Re: [PATCH v2] ocfs2: avoid potential ABBA deadlock by reordering tl_inode lock
From: Joseph Qi
Date: Mon Jul 07 2025 - 01:58:58 EST
On 2025/7/7 11:29, Ivan Pravdin wrote:
> In ocfs2_move_extent(), tl_inode is currently locked after the global
> bitmap inode. However, in ocfs2_flush_truncate_log(), the lock order
> is reversed: tl_inode is locked first, followed by the global bitmap
> inode.
>
> This creates a classic ABBA deadlock scenario if two threads attempt
> these operations concurrently and acquire the locks in different orders.
>
> To prevent this, move the tl_inode locking earlier in
> ocfs2_move_extent(), so that it always precedes the global bitmap
> inode lock.
>
> No functional changes beyond lock ordering.
>
> Reported-by: syzbot+6bf948e47f9bac7aacfa@xxxxxxxxxxxxxxxxxxxxxxxxx
> Closes: https://lore.kernel.org/all/67d5645c.050a0220.1dc86f.0004.GAE@xxxxxxxxxx/
> Signed-off-by: Ivan Pravdin <ipravdin.official@xxxxxxxxx>
> ---
> v1 -> v2: Fixed unlocking order in ocfs2_move_extent.
>
> fs/ocfs2/move_extents.c | 13 +++++++------
> 1 file changed, 7 insertions(+), 6 deletions(-)
>
> diff --git a/fs/ocfs2/move_extents.c b/fs/ocfs2/move_extents.c
> index 369c7d27befd..aaf8eb2693a4 100644
> --- a/fs/ocfs2/move_extents.c
> +++ b/fs/ocfs2/move_extents.c
> @@ -617,6 +617,8 @@ static int ocfs2_move_extent(struct ocfs2_move_extents_context *context,
> */
> credits += OCFS2_INODE_UPDATE_CREDITS + 1;
>
> + inode_lock(tl_inode);
> +
> /*
> * ocfs2_move_extent() didn't reserve any clusters in lock_allocators()
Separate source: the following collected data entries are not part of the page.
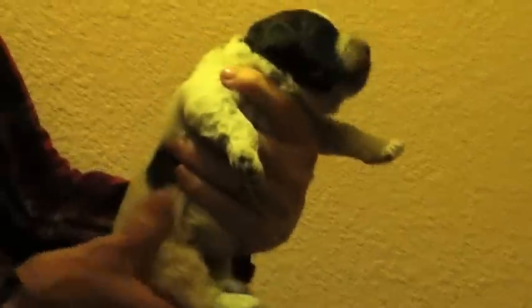And then we hold the puppy upright — 1001, 1002, 1003, 1004, 1005.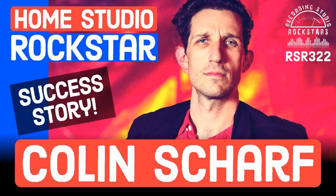Please welcome Colin Scharf to Recording Studio Rockstars. Colin, are you ready to rock? I was born ready, man. Welcome to the show — that email really made my day. It was just such a cool story. I thought, why not invite you onto the show and talk about it? I love hearing the success story of one of the Rockstars.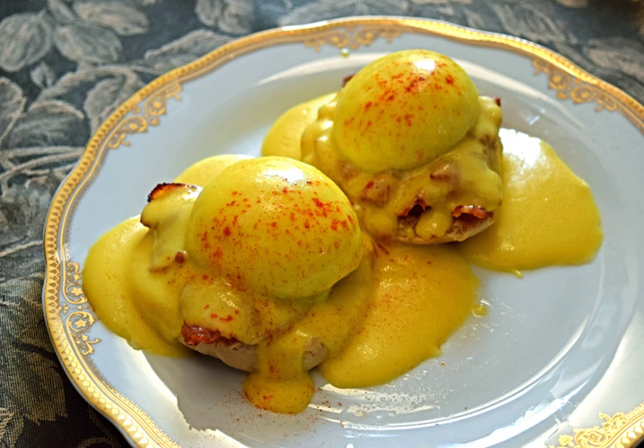Basic ingredients for the sauce are: butter, egg yolks, lemon juice, salt, white peppercorns, vinegar, water, and cayenne pepper.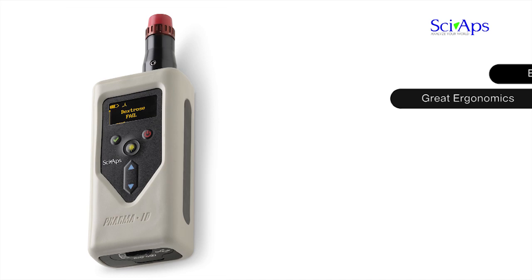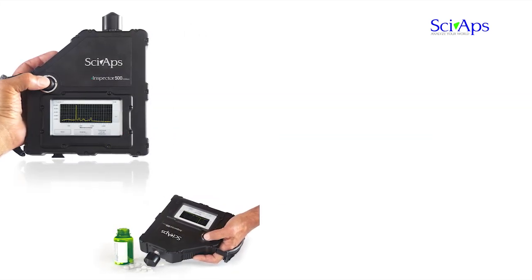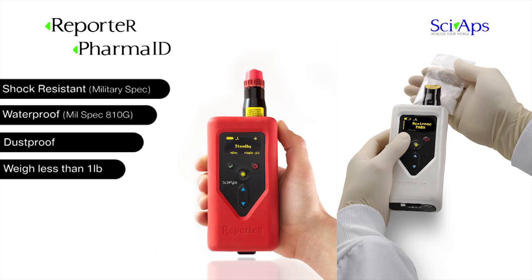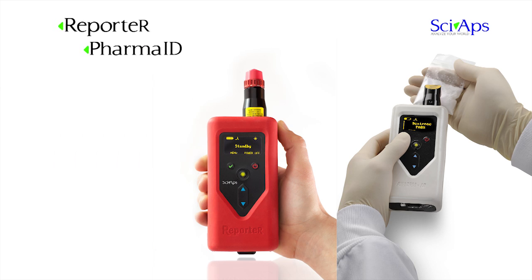All of our Raman analyzers are designed for easy one-handed operation with excellent ergonomics. The Reporter and PharmaID products are truly a single-handed operation. Not much larger than a smartphone, they weigh less than one pound, are waterproof, dustproof, and meet demanding military specs for shock resistance, including mil-spec 810G.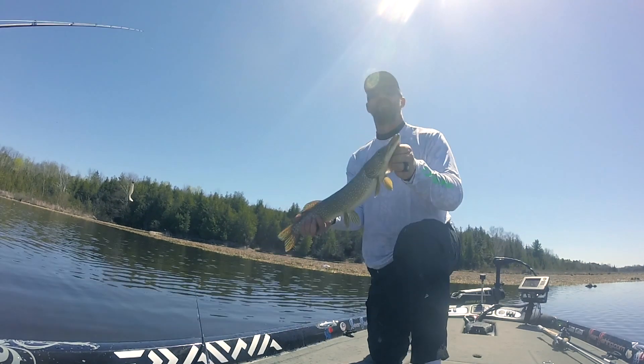Go catch some crappie, go catch some pike — awesome time of year. Next weekend, Sean McCall and I are actually going to fish a pike tournament, as long as Mercer gets that boat ready. Stay tuned, it's about to heat up — it's about to be pike time.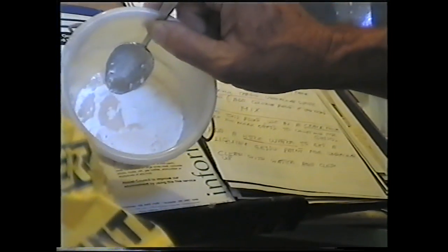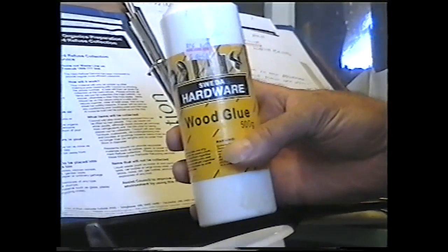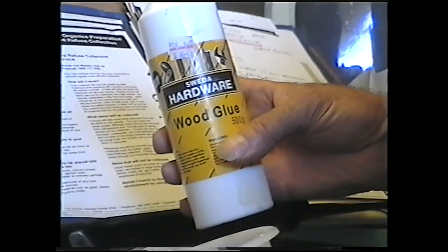So I'll get two parts of whiting. Then I'll get wood glue — that's just normal water-based wood glue.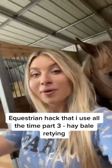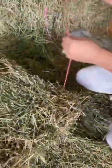Equestrian hack that I use all the time — part three. If for whatever reason you need to re-tie an opened bale of hay, this is a hack on how to do it really easily. So you're going to find your hay string.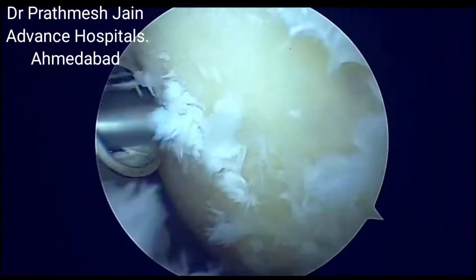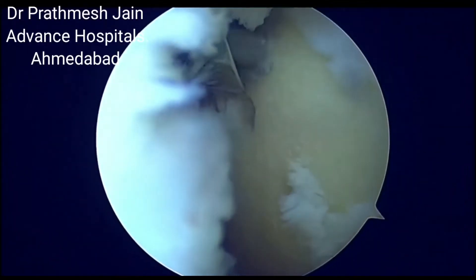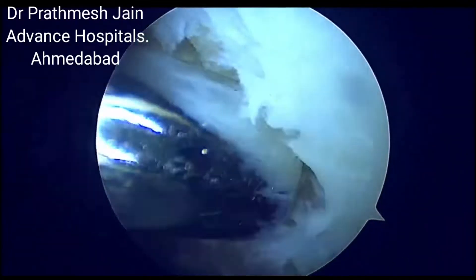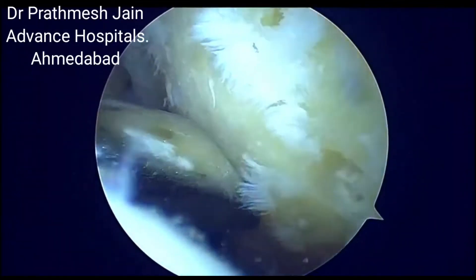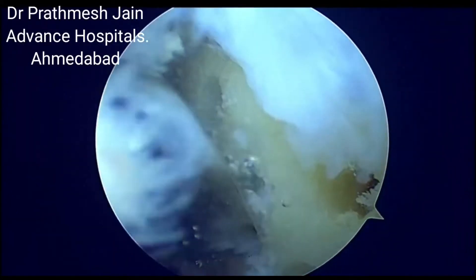If there is a cartilage lesion which is unipolar and there is bone exposed, that is the Outerbridge Grade 4. You can do a microfracture to increase the vascularity and it will form a fibrocartilaginous tissue instead of hyaline cartilage, but still there will be good results.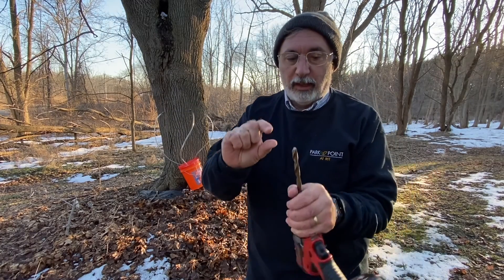So that's it. I drilled in about an inch and we'll check on it in the morning and throughout the day. We should get several good days of sap collecting.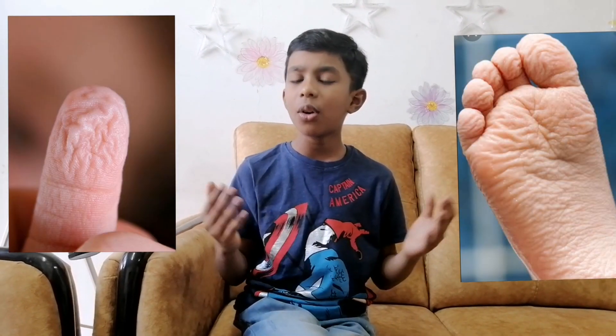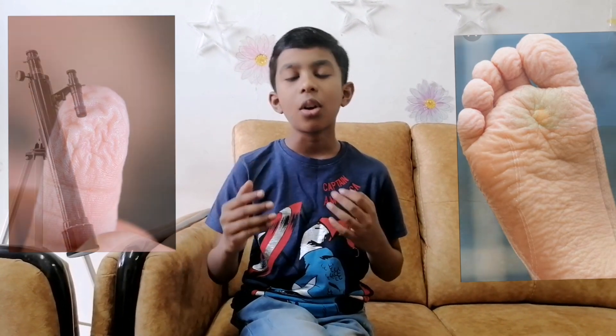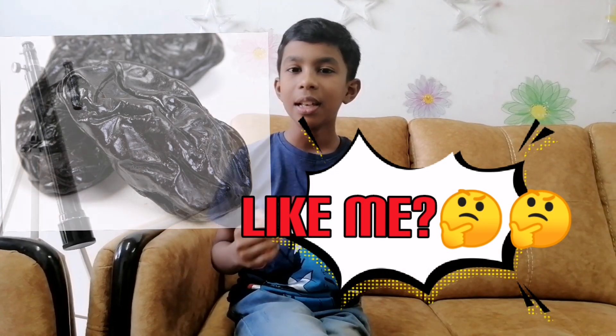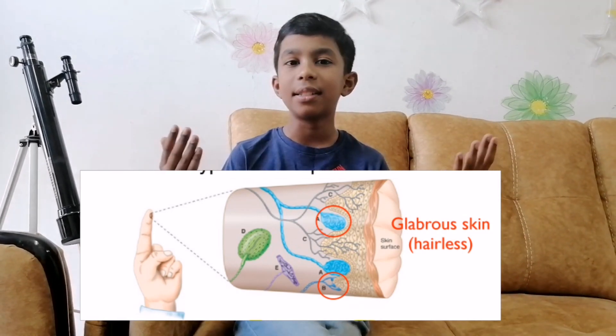Have you ever seen wrinkled fingers? Yes, you heard me right. They are called pruney fingers. The fingers can become wrinkly or pruney when soaked in water. The skin on the human fingers and toes is known as glabrous. Glabrous means smooth and hairless. When it has been in contact with water for a long time, the glabrous fingers can look like a pruney.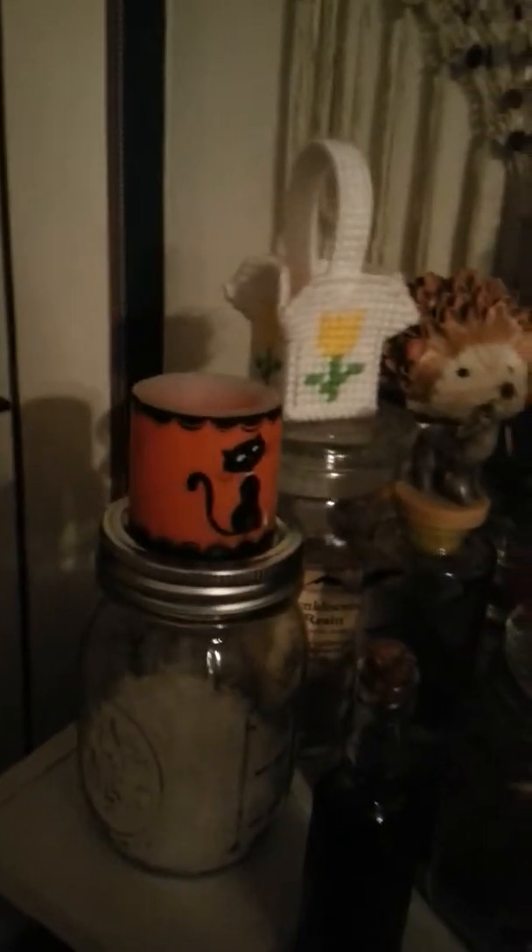These were inherited from my grandmother. All my bottled herbs are mostly on these shelves. As you can see, I have some more up here. I have salt, frankincense, rose petals, lavender, juniper berries, mugwort, blackberry leaves, bay leaves, peppermint, lemon balm — a whole bunch of goodies.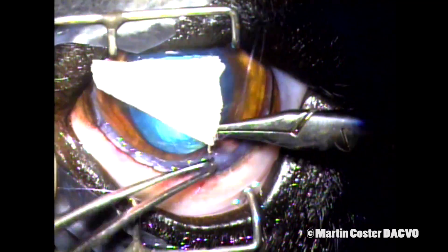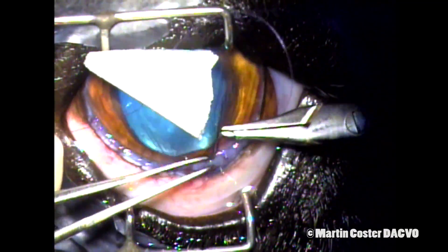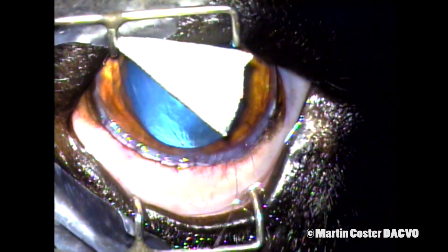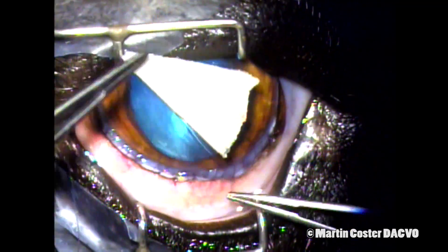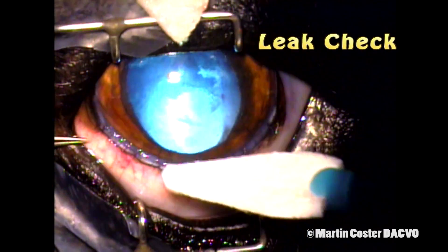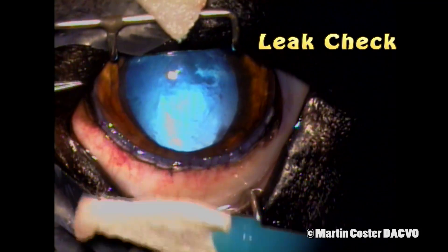This eye was left without a lens, so aphakic. Some surgeons might choose to place a sulcus intraocular lens, sutured in place, behind the iris. But this dog had excellent vision postoperatively, if blurry, and had good functional navigation. After the final suture is tied, we leak check the incision and check the tone of the globe — it is already reinflated with aqueous humor.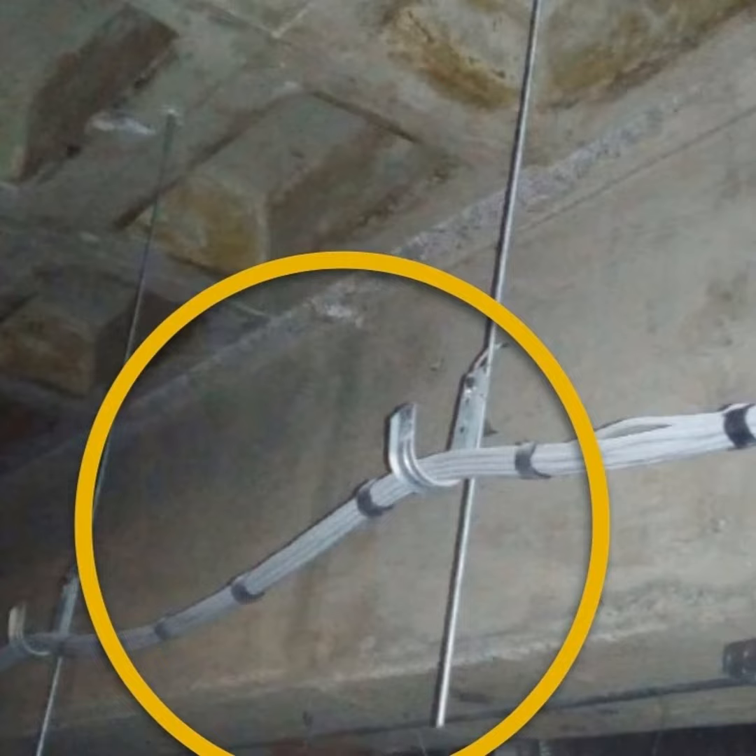Antes de elegir una instalación con J-Hook hay que considerar lo siguiente: el espaciado entre cada gancho J y la distancia a la que cuelgan los cables debe ser a distancias menores de 1.5 metros, y no debe colgar a más de 30 centímetros en relación al inicio del gancho. Ese colgado no debería ser superior a 30 centímetros.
> * logic, while we still need to lock the global_bitmap.
> @@ -637,13 +639,11 @@ static int ocfs2_move_extent(struct ocfs2_move_extents_context *context,
> goto out_unlock_gb_mutex;
> }
>
You've missed unlock tl_inode when ocfs2_get_system_file_inode() fails.
> - inode_lock(tl_inode);
> -
> handle = ocfs2_start_trans(osb, credits);
> if (IS_ERR(handle)) {
> ret = PTR_ERR(handle);
> mlog_errno(ret);
> - goto out_unlock_tl_inode;
> + goto out_unlock_gb_inode;
> }
>
> new_phys_blkno = ocfs2_clusters_to_blocks(inode->i_sb, *new_phys_cpos);
> @@ -704,12 +704,13 @@ static int ocfs2_move_extent(struct ocfs2_move_extents_context *context,
> ocfs2_commit_trans(osb, handle);
> brelse(gd_bh);
>
> -out_unlock_tl_inode:
> - inode_unlock(tl_inode);
> -
> +out_unlock_gb_inode:
> ocfs2_inode_unlock(gb_inode, 1);
> +
> out_unlock_gb_mutex:
inode lock has changed to rw_semaphore, so 'mutex' is no longer proper.
> inode_unlock(gb_inode);
> +
> + inode_unlock(tl_inode);
> brelse(gb_bh);
> iput(gb_inode);
>
How about the following alternative:
diff --git a/fs/ocfs2/move_extents.c b/fs/ocfs2/move_extents.c
index 369c7d27befd..d56c337204f6 100644
--- a/fs/ocfs2/move_extents.c
+++ b/fs/ocfs2/move_extents.c
@@ -611,6 +611,8 @@ static int ocfs2_move_extent(struct ocfs2_move_extents_context *context,
goto out;
}
+ inode_lock(tl_inode);
+
/*
* need to count 2 extra credits for global_bitmap inode and
* group descriptor.
@@ -626,7 +628,7 @@ static int ocfs2_move_extent(struct ocfs2_move_extents_context *context,
if (!gb_inode) {
mlog(ML_ERROR, "unable to get global_bitmap inode\n");
ret = -EIO;
- goto out;
+ goto out_unlock_tl_inode;
}
inode_lock(gb_inode);
@@ -634,16 +636,14 @@ static int ocfs2_move_extent(struct ocfs2_move_extents_context *context,
ret = ocfs2_inode_lock(gb_inode, &gb_bh, 1);
if (ret) {
mlog_errno(ret);
- goto out_unlock_gb_mutex;
+ goto out_unlock_gb_inode;
}
- inode_lock(tl_inode);
-
handle = ocfs2_start_trans(osb, credits);
if (IS_ERR(handle)) {
ret = PTR_ERR(handle);
mlog_errno(ret);
- goto out_unlock_tl_inode;
+ goto out_unlock;
}
new_phys_blkno = ocfs2_clusters_to_blocks(inode->i_sb, *new_phys_cpos);
@@ -703,16 +703,14 @@ static int ocfs2_move_extent(struct ocfs2_move_extents_context *context,
out_commit:
ocfs2_commit_trans(osb, handle);
brelse(gd_bh);
-
-out_unlock_tl_inode:
- inode_unlock(tl_inode);
-
+out_unlock:
ocfs2_inode_unlock(gb_inode, 1);
-out_unlock_gb_mutex:
+out_unlock_gb_inode:
inode_unlock(gb_inode);
brelse(gb_bh);
iput(gb_inode);
-
+out_unlock_tl_inode:
+ inode_unlock(tl_inode);
out:
if (context->meta_ac) {
ocfs2_free_alloc_context(context->meta_ac);